Personal information
- Full name: Michael Rogers
- Nickname: Dodger, Mick
- Born: 20 December 1979 (age 46) Barham, New South Wales, Australia
- Height: 1.85 m (6 ft 1 in)
- Weight: 74 kg (163 lb; 11.7 st)

Team information
- Current team: Retired
- Discipline: Road
- Role: Rider
- Rider type: All-rounder

Amateur team
- 2000: Mapei–Quick-Step (stagiaire)

Professional teams
- 2001–2002: Mapei–Quick-Step
- 2003–2005: Quick-Step–Davitamon
- 2006–2010: T-Mobile Team
- 2011–2012: Team Sky
- 2013–2016: Saxo–Tinkoff

Major wins
- Grand Tours Tour de France 1 individual stage (2014) Giro d'Italia 2 individual stages (2014) 1 TTT stage (2009) Stage races Tour Down Under (2002) Tour of Belgium (2003) Deutschland Tour (2003) Tour of California (2010) Bayern Rundfahrt (2012) One-day races and Classics World Time Trial Championships (2003, 2004, 2005) National Time Trial Championships (2009)

Medal record
Representing Australia
Men's track cycling
Olympic Games
| Bronze medal – third place | 2004 Athens | Road time trial |
Commonwealth Games
| Gold medal – first place | 1998 Kuala Lumpur | Team pursuit |
| Gold medal – first place | 1998 Kuala Lumpur | Scratch race |
Men's road bicycle racing
World Championships
| Gold medal – first place | 2003 Hamilton | Time trial |
| Gold medal – first place | 2004 Verona | Time trial |
| Gold medal – first place | 2005 Madrid | Time trial |
| Silver medal – second place | 1997 San Sebastián | Junior time trial |
| Silver medal – second place | 1999 Verona | Under-23 time trial |
| Bronze medal – third place | 2000 Plouay | Under-23 time trial |
Commonwealth Games
| Silver medal – second place | 2002 Manchester | Individual time trial |

= Michael Rogers (cyclist) =

Australian cyclist (born 1979)

Michael Rogers (born 20 December 1979) is an Australian retired professional road bicycle racer who competed professionally between 1999 and 2016, for the , , , and teams. He is a three-time World Time Trial Champion, winning consecutively in 2003 (after David Millar was stripped for doping), 2004 and 2005, and won Grand Tour stages at the Tour de France and the Giro d'Italia.

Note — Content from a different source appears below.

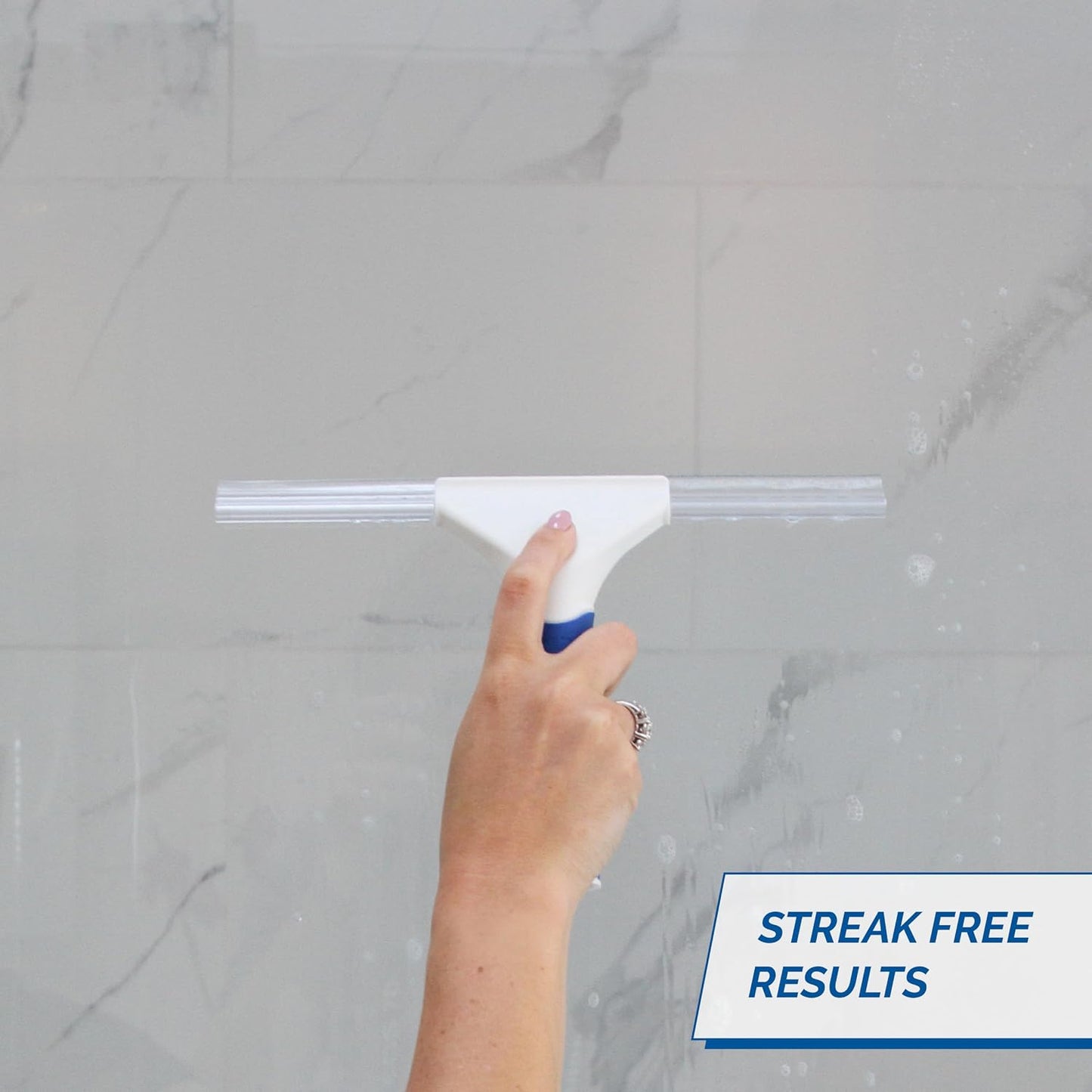 Unger 12” Glass & Surface Squeegee – Multipurpose Rubber Blade Squeegee for Shower Glass, Window Cleaning, Professional Grade Cleaning Tool for the Home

In April 2016, Rogers announced via Twitter, that he was being forced to retire from professional cycling due to a congenital heart defect condition which had been worsening.

==Career==
===Early career===
Rogers was part of the Australian Institute of Sport, which led him to move to Europe at age 16 as an amateur. He started as a track racer under coach Charlie Walsh.

At the 2002 Tour Down Under, Rogers' team-prepared bicycle was damaged in a collision with a motorcycle, forcing him to come to a halt by the roadside. The collision was not captured by television cameras. There were no team cars nearby and Rogers appeared visibly frustrated with the turn of events. Fortunately, spectator Adam Pyke, an amateur cyclist, offered his own Colnago bicycle as a replacement and Rogers was able to continue, needing only a minor saddle height adjustment en route from a mechanic alongside in a car. He went on to finish second on the stage, took the race lead, and ultimately went on to win the race overall. The entire episode, including swapping bicycles, was captured by the television cameras while Rogers, Pyke and the borrowed bicycle were reunited at the end of the stage by the Australian broadcaster Seven in a televised interview.

Rogers won the world time-trial championship in 2003, 2004 and 2005. He came second in 2003, but became champion after the winner, David Millar, was disqualified for doping. Rogers received his rainbow jersey and gold medal on the day of the 2004 championship, thereby receiving two gold medals on the same day.

In the 2003 Tour de France, Rogers helped Richard Virenque win his sixth mountains classification. He was the last rider left to help in Virenque's day-long escape and stage win.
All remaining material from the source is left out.